Supposing that this second millennium A.D. marks a new set of decades distinct from all other decades before (and it does in so many ways both glorious and repulsive), and supposing that Facebook is the communication method of this first and second decade of the second millennium, I, ladies and gentlemen, have rejected the communication method of the second new decade.
After considering quitting ever since I starting using it and upon reading this wondrous article about a computer scientist who decided to drop his use of email entirely, I decided to make a similar change in my own life.
Facebook: the epitome– the armpit, as it were– of all mediocrity.
No! you cry. It’s why I’m happy! It’s why I wake up in the morning! It’s how I met my wife! It’s my entire life!
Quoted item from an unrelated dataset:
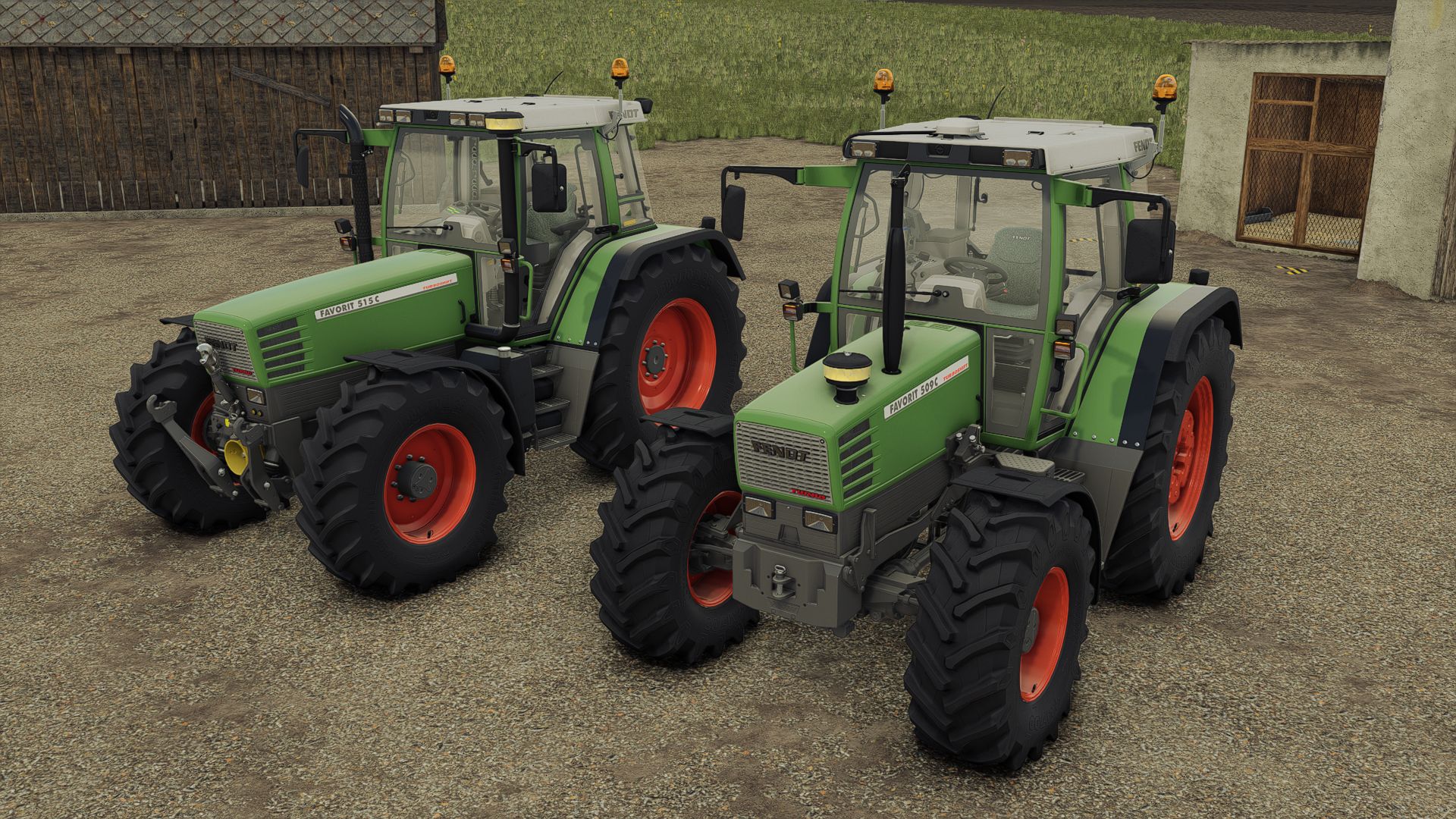 Fendt Favorit 500C Pack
Whatever. Here’s a Kleenex.
What’s the first thing I think about when I see McDonald’s? Facebook. What’s the first thing I think about when I witness a pair of seventeen-year-olds exchanging saliva? Facebook. What’s the first thing I think about when I see a Twilight advertisement? Facebook. What’s the first thing I think about when someone blasts up their High School Musical CD? Facebook. What’s the first thing I think about when I witness 40-year-old men going to verbal and sometimes physical blows over the outcome of a sports event? Facebook. What’s the first thing I think of when I witness a male drooling over a woman with fewer clothes on than my dog? Facebook. What’s the first thing I think about when a man high on heroine sits next to me on the train? Facebook. And tazers.
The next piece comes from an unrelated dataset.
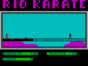 Rio Karate спектрум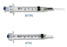 Retractable Technologies VanishPoint Syringes - VanishPoint Syringe with Retractable Hypodermic Needle, 3 mL, 20G x 1" - 10371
What do all of these subjects have in common (aside from the fact that they’ve nothing to do with Facebook)? They’re all of them entirely mediocritous. Why is Facebook mediocritous? In lieu of saving online bytes (and my time), I won’t reiterate; instead, you can read why here.
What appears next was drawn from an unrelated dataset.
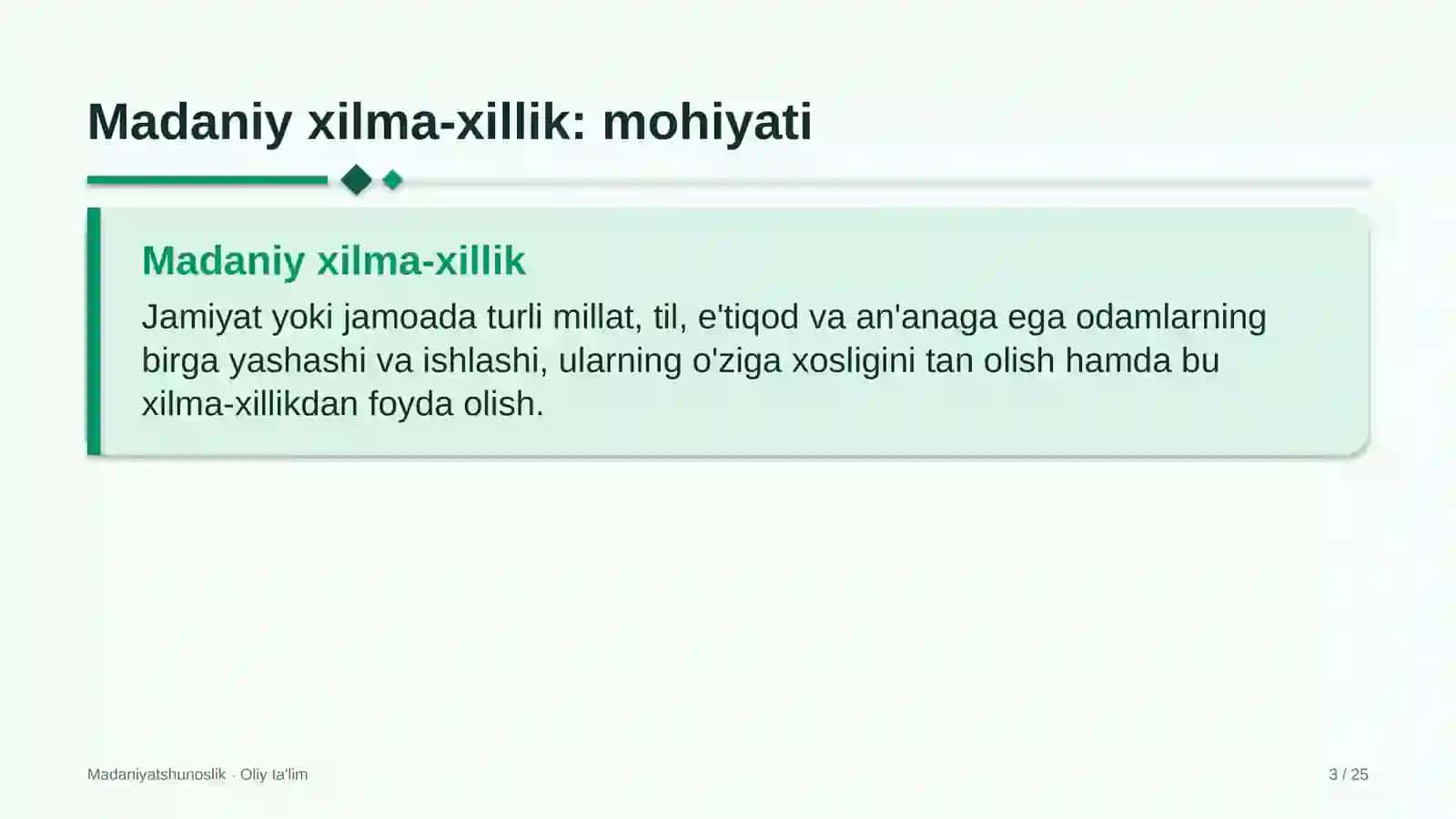 Ichki turizmda madaniy xilma-xillik 3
In combination with my utter hatred of the Great Blue Beast, reading that article, and probably receiving some sacred gifts the other day, I changed the lock and then had the blacksmith destroy the key. For those too addicted to the Fascistbook that their minds have now completely melted, this is an allegory that basically says, “I changed my password to my Facebook account to a generated 21-character string and destroyed any evidence of that string so that I would have no way of breaking back in.” It’s been 24 hours, and already I feel twice as splendid as I ever have the past year and a half.
True, there are a handful of people who I would really love to stay in contact with more often than a brief visit at a funeral or a marriage or a farewell and who I would hope would like to stay in contact with me in the same way, but I find that Facebook is an unnecessary evil as it provides the means of communication at the cost of self-control. By putting a little more effort into it (and this makes it that much more rewarding to both the recipient and the giver), a person can send a message much more personal via email, vintage mail, telephonic conversations, or even– imagine this– a face-to-face meeting!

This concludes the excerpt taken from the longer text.